++++ Task data ++++

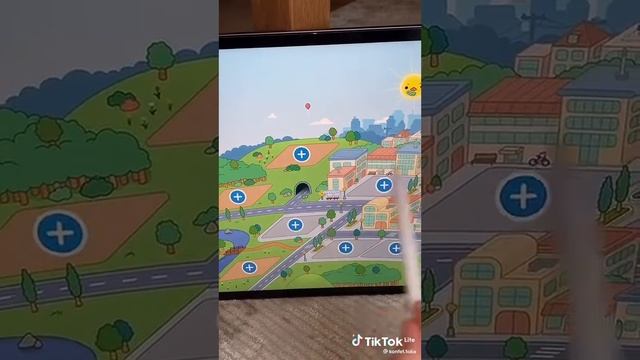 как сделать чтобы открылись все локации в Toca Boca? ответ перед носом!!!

++++
++++ Task data ++++

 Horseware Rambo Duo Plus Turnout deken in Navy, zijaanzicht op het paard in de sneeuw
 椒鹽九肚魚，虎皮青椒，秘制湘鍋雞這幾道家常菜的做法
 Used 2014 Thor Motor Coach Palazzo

++++

● **Exercise objective**: Beginning with the line containing "椒鹽九肚魚，虎皮青椒，秘制湘鍋雞這幾道家常菜的做法" in the material above, copy every line exactly until you have copied the line containing "Used 2014 Thor Motor Coach Palazzo".

● **Task solution**:
 椒鹽九肚魚，虎皮青椒，秘制湘鍋雞這幾道家常菜的做法
 Used 2014 Thor Motor Coach Palazzo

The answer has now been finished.